↓↓↓
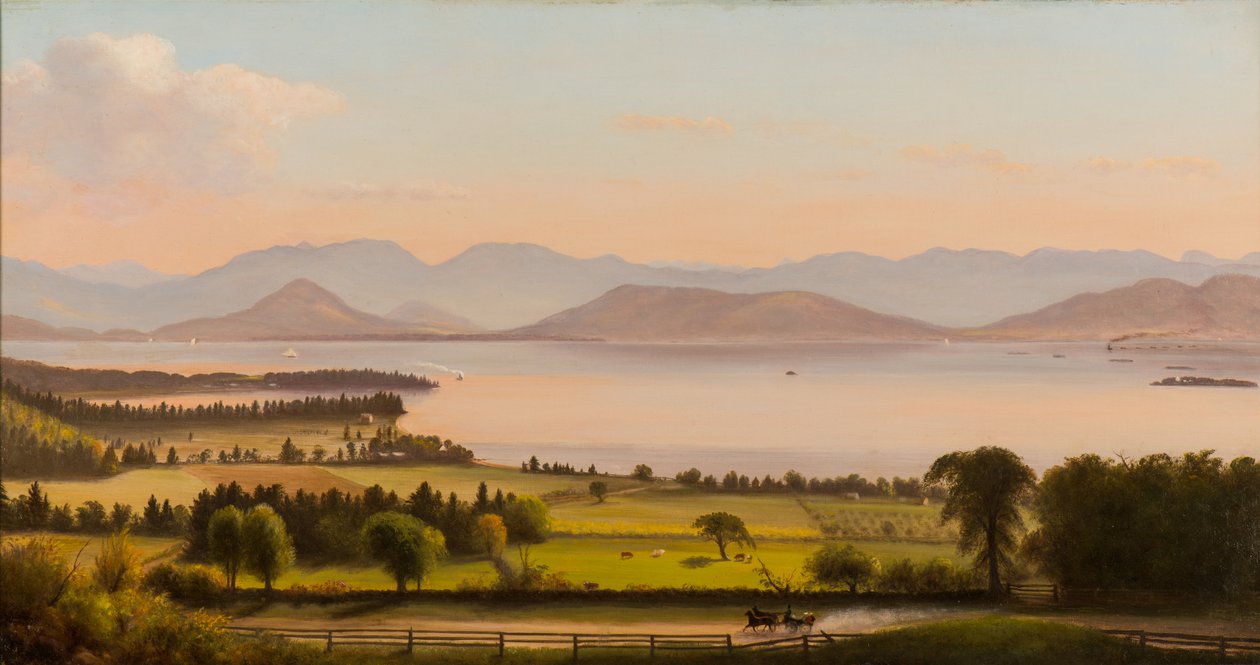 Montagne Adirondack, Baia di Burlington Oltre Willard St. da Charles Louis Heyde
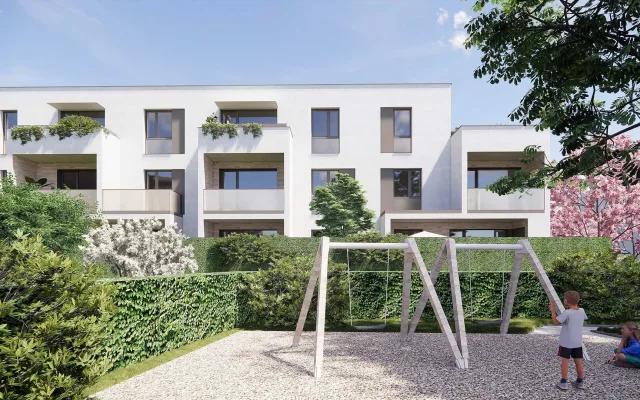 Vizualizace rezidenčního projektu u areálu firmy Czech-Gen v Olomouci-Černovíře
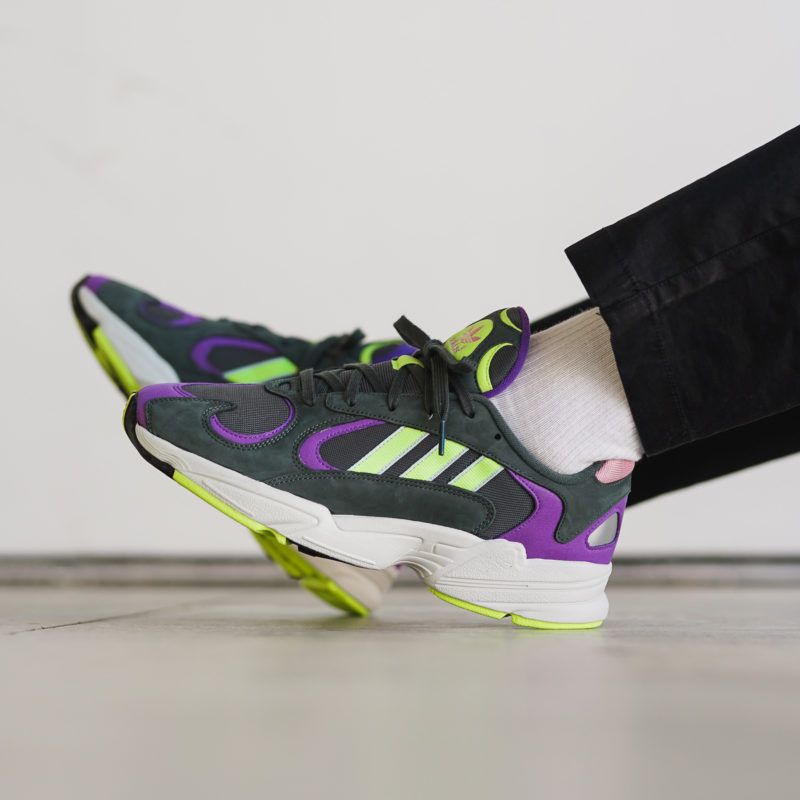 adidas Yung-1 Legend Ivy/Hires Yellow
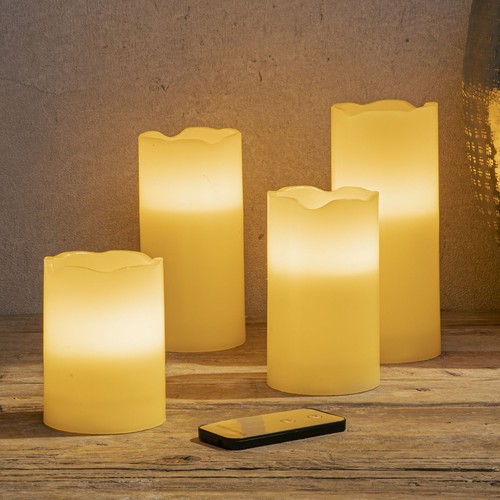 Led kerzen 4er - led,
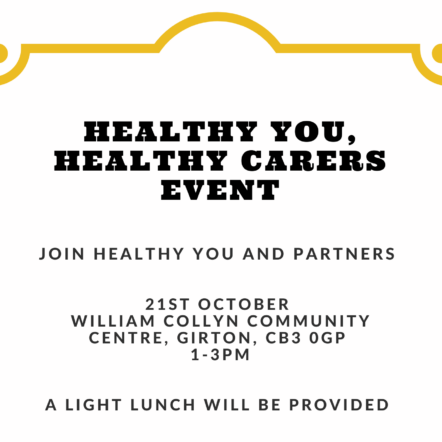 Healthy You Healthy Carers event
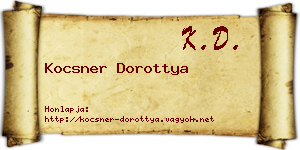 Kocsner Dorottya névjegykártya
↑↑↑
* _INSTRUCTIONS FOR THE TASK_: Everything from the line with "Vizualizace rezidenčního projektu" through the final line of the material is to be returned exactly, both ends included, apart from the pictures.

* _TASK RESPONSE_:
 Vizualizace rezidenčního projektu u areálu firmy Czech-Gen v Olomouci-Černovíře
 adidas Yung-1 Legend Ivy/Hires Yellow
 Led kerzen 4er - led,
 Healthy You Healthy Carers event
 Kocsner Dorottya névjegykártya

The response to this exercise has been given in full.